EXTRACTED INFORMATION START

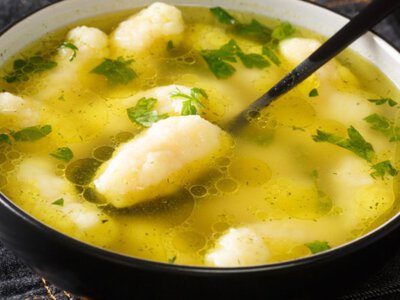 Курячий суп із несподіванкою: смак, що зводить із розуму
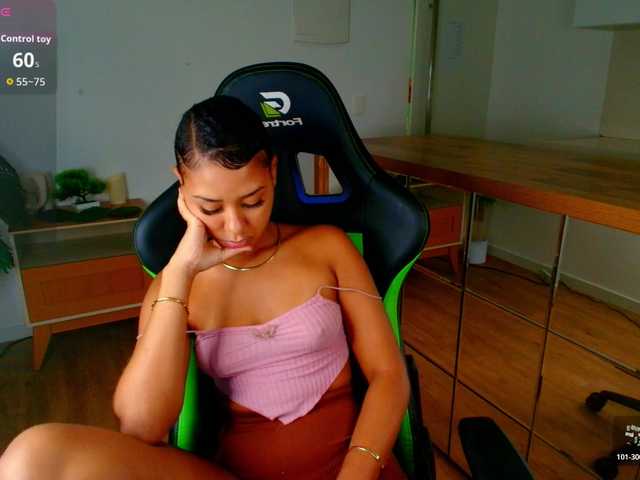 Susan-Backer live cam on UnifiedCams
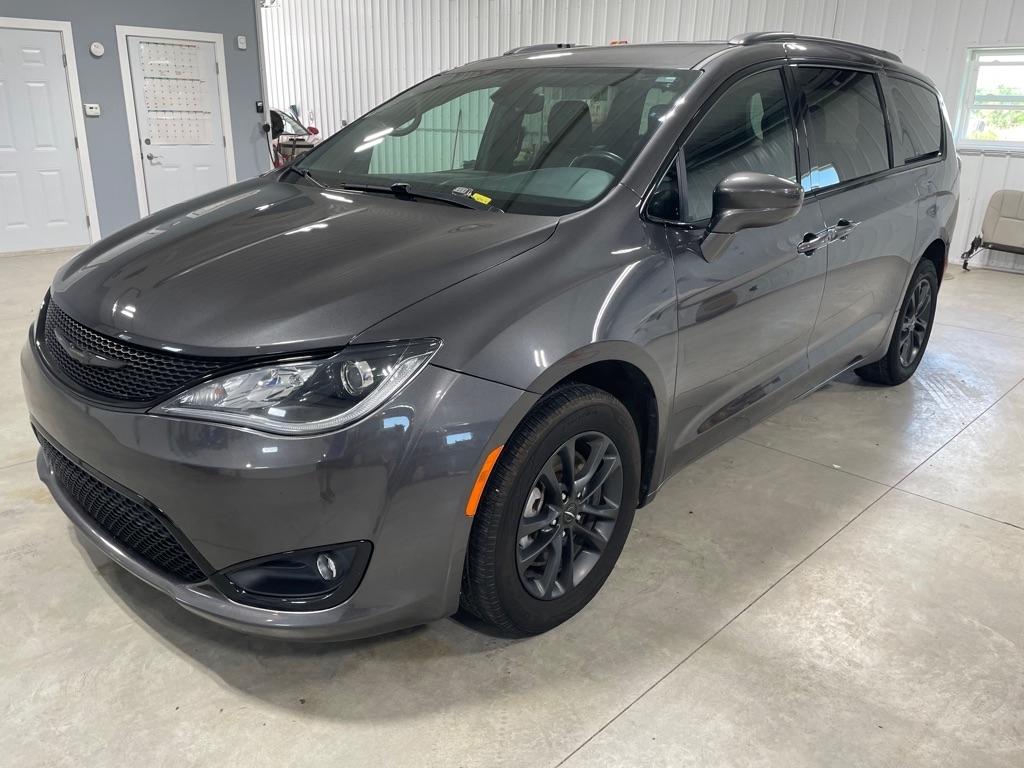 Chrysler Pacifica  2020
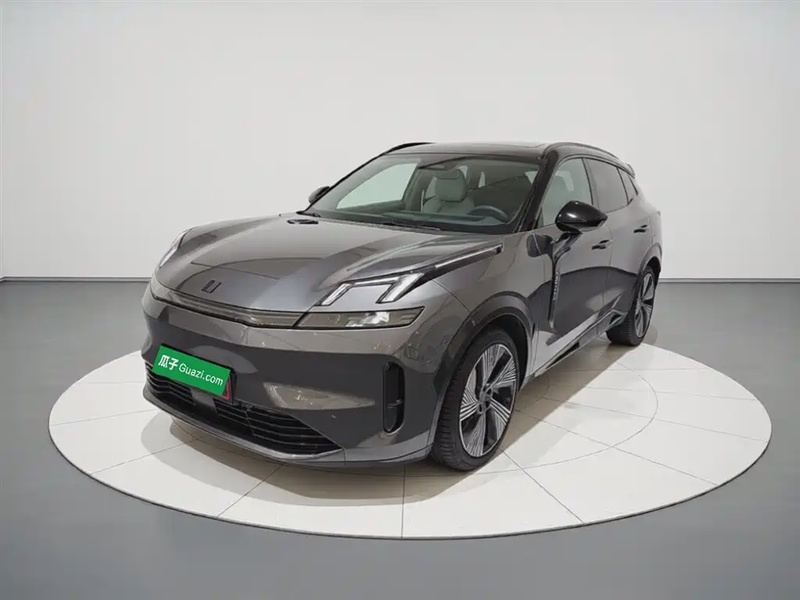 Lynk & Co 08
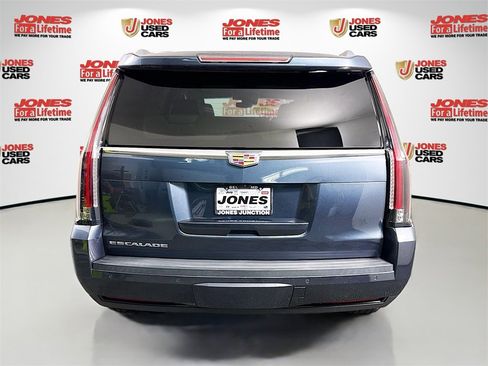 Used 2020 Cadillac Escalade Luxury image 15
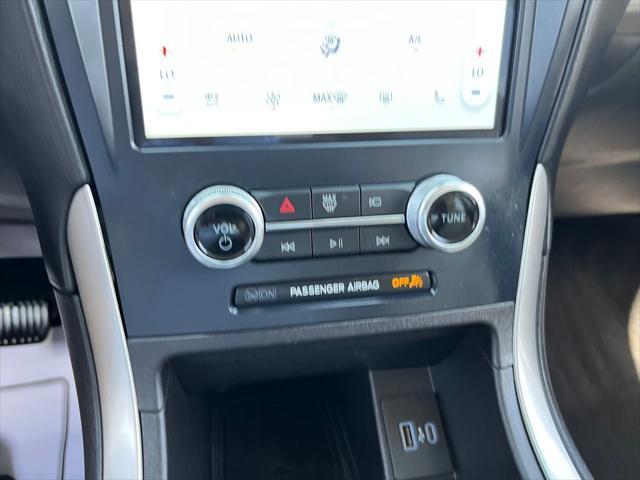Photo of 2023 Star White Metallic Tri-Coat Ford Edge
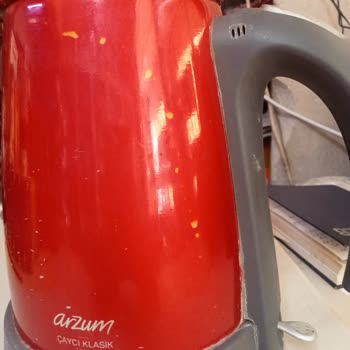 Çaycı Ve Kahve Makinesinde Boya Sorunları Ve Tost Makinesinde Tekrar Eden Arızalar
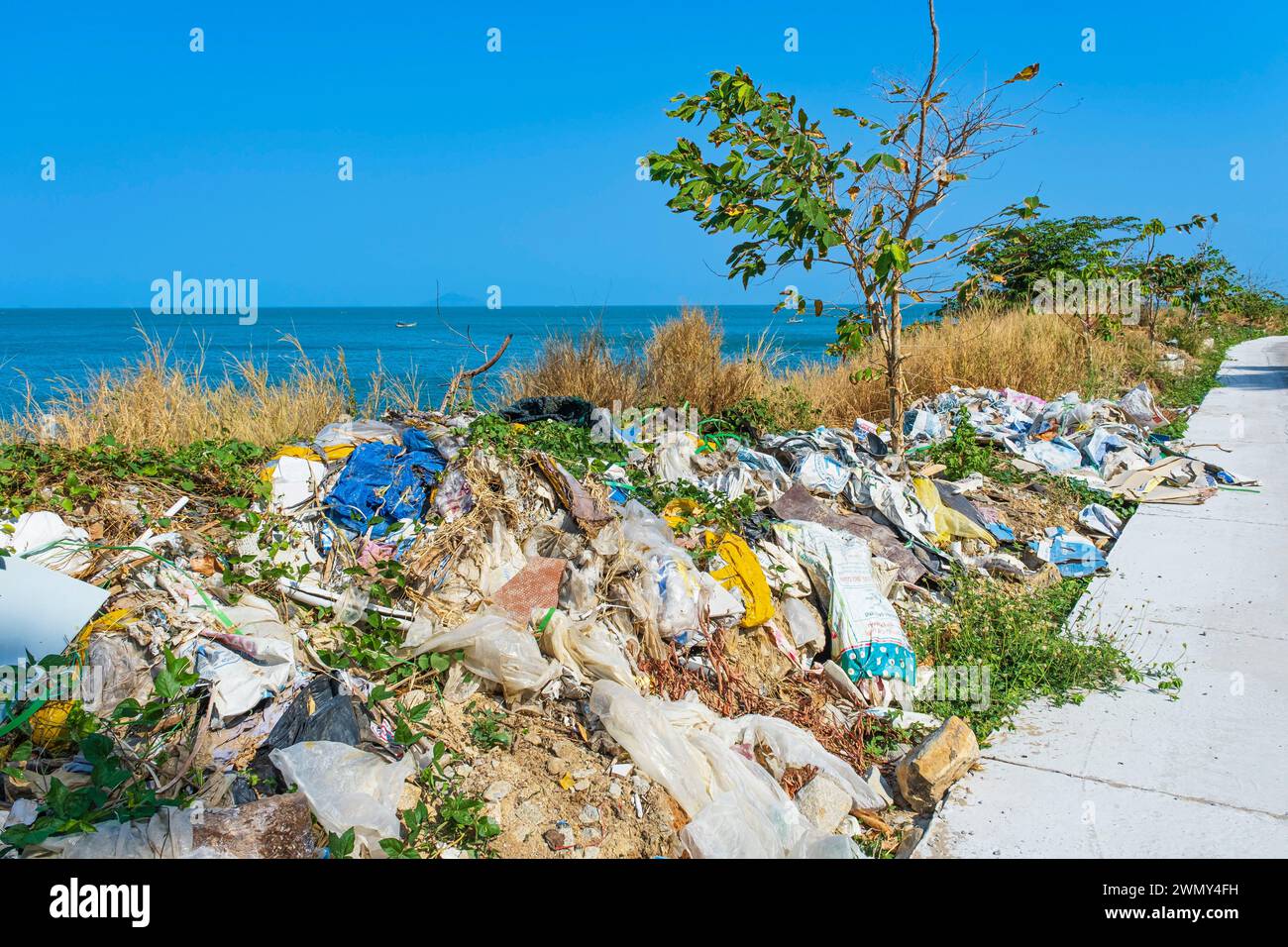 Vietnam, province de Kien Giang, île Hon son (ou Lai son), décharge de déchets le long de la route Banque D'Images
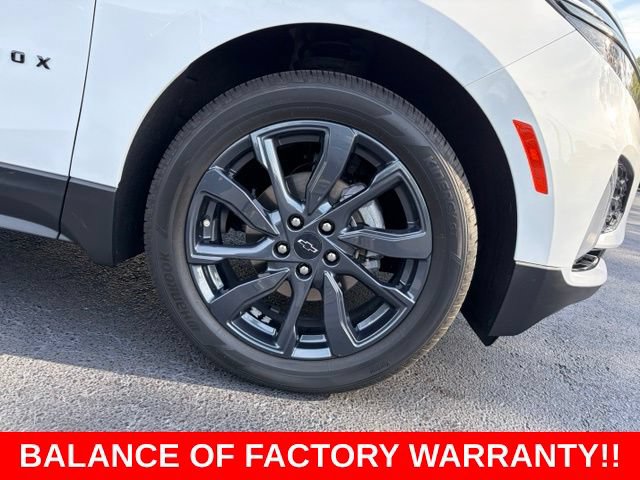 Used 2023 Chevrolet Equinox RS FWD image 8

EXTRACTED INFORMATION END

- [EXERCISE AIM] For this exercise, return every entry verbatim and omit all pictures.

- [SOLUTION TO THIS TASK]
 Курячий суп із несподіванкою: смак, що зводить із розуму
 Susan-Backer live cam on UnifiedCams
 Chrysler Pacifica  2020
 Lynk & Co 08
 Used 2020 Cadillac Escalade Luxury image 15
Photo of 2023 Star White Metallic Tri-Coat Ford Edge
 Çaycı Ve Kahve Makinesinde Boya Sorunları Ve Tost Makinesinde Tekrar Eden Arızalar
 Vietnam, province de Kien Giang, île Hon son (ou Lai son), décharge de déchets le long de la route Banque D'Images
 Used 2023 Chevrolet Equinox RS FWD image 8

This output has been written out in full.